Currently in her 24th year at Northwestern, Dr. Karen Alter is Northwestern’s Norman Dwight Harris Professor of International Relations. Having written the award-winning book “The New Terrain of International Law: Courts, Politics, Rights,” her work mainly focuses on multilateralism and global law.
One of Alter’s areas of expertise is Chinese global policy, which she believes will see drastic changes in the next four years. Read about her thoughts on the topic here.
This interview has been edited for brevity and clarity.
The Daily: In a video interview, you mentioned that your takeaway from your 2018 China trip was that China was not “super interested” in multilateralism or international justice. Do you think it’s changed at all since then?
Prof. Karen Alter: I’m a bit of two minds about this. I think that I would put Chinese ideologists and Donald Trump in a similar camp: If you say things enough times, you can make people believe black is white and up is down.
They have quite a nice package about this, and it’s widely disseminated. In the world as China sees it, countries are abandoning the US dollar and the reputation of the US is in tatters.
The Daily: Could you describe what kind of actor China is?
Prof. Karen Alter: My lens is limited because I focus on international cooperation, multilateralism and international law. I lay out that because there could be whole other realms that I’m not saying.
(China was) really not engaged until Deng Xiaoping, and they really didn’t have the manpower capacity or knowledge until 15 years ago to be as internationally engaged. All the systems and all the rules were set up when they were not participating and did not have the means to make their way stand.

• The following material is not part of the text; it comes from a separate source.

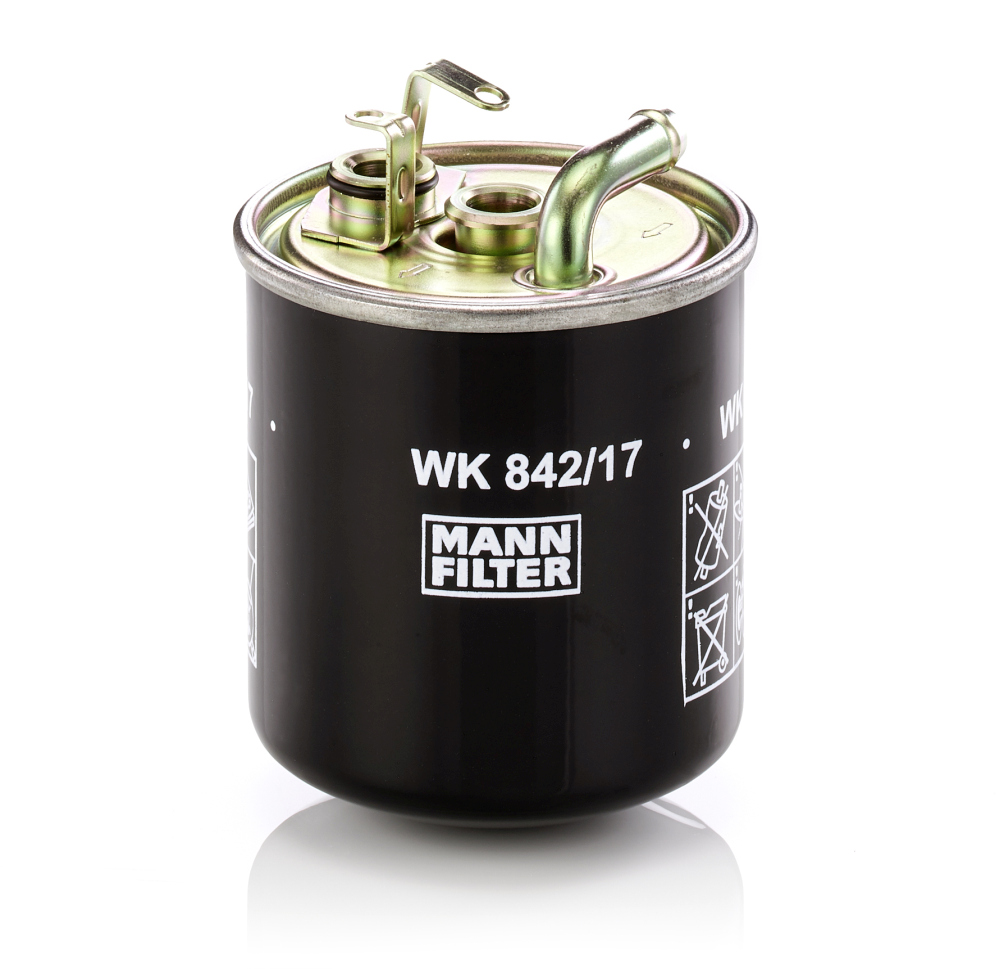Mann-Filter Brandstoffilter WK 842/17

If you take the South China Sea, when the Law of the Seas negotiations were happening in the 1970s, that was when China was just starting to engage in international politics, but not tremendously skillful at it. It did try to get its ideas about its claims in the South China Sea into the agreement, but it didn’t succeed. Instead, it signed on to an agreement where its claims in the South China Seas just absolutely don’t hold water and the nature of the law of the seas. It’s an unusual treaty that you agree to.

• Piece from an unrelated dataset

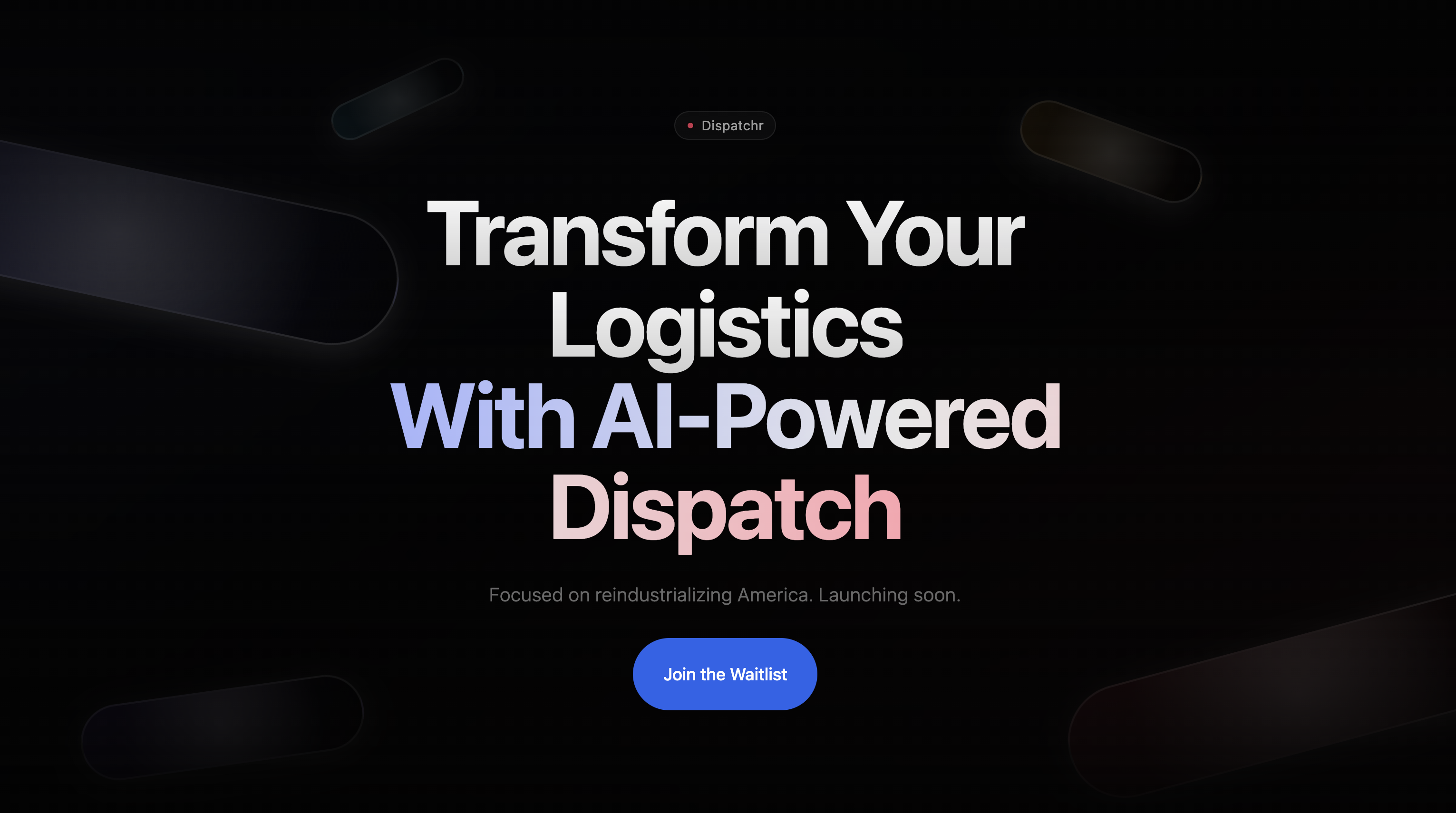 Dispatchr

The Philippines actually got up the courage to arbitrate the land dispute in the South China Seas, and China’s position was, “it’s illegitimate. It’s illegitimate.”
I think there’s so much that the U.S. and China can get along with. I hope more (Chinese) people will come and study (in the U.S.) and that more people will have cultural exchanges.
The Daily: Do you think any progress with Chinese multilateralism will be made in the next four years?
Prof. Karen Alter: Depends on what you call progress, right? The U.S. is retreating, and multilateral institutions are poor institutions, so whoever pays gets more say. China wants judges on these international courts, like the International Tribunal for Law of the Sea. When I meet a judge on the Law of the Sea tribunal, I’m like, ‘so tell me about the Chinese judge. Is he active?’ They’re like, he never says a word. He’s there for China’s interests, comes up to defend it, but he doesn’t actually participate.
Now, China has so many brilliant, skilled people who have Western education and speak perfect English. I have no doubt that there’s some very competent Chinese leaders running some U.N. agencies and doing a very, very good job. But you can’t get promoted or succeed unless you’re loyal. If you want to call that progress, their presence is going to be there.
They’re going to have more influence and sway, especially because the U.S. is rolling out the red carpet for them. Donald Trump will roll it right out. He doesn’t consider multilateralism important enough to really try to contest it.
He’s a brilliant politician where all politics are local — and he’s a bluffer, and he knows how to play the television and things like that, and he doesn’t actually think anything is real. It’s all a performance. Reminds me of the movie “Chicago” where you just “razzle dazzle them.” We’ve rolled out the red carpet (for them), so yes, China is going to make tremendous progress in the next four years.
China has excess capacity in construction. Around the world, they’re building construction now, like an international airport in Nepal. They’re also throwing up a lot of apartment buildings in Kenya. (I have) a former student who described how these apartment buildings are actually increasing the housing stock in ways that middle class people can afford. For him, he feels that China is actually helping with development.
The Daily: It’s kind of like a double edged sword, though, in a way, right?
Prof. Karen Alter: China’s (strategy is) in a colonial way, but actually much better than the way that the Europeans did, because (they’re) not taking over. They’re just gonna get their business.
I always want to keep an open mind about our relationships with people and never equate a person with a government. We want China to succeed. We should want China to succeed because success for China is helping millions of people live a better life.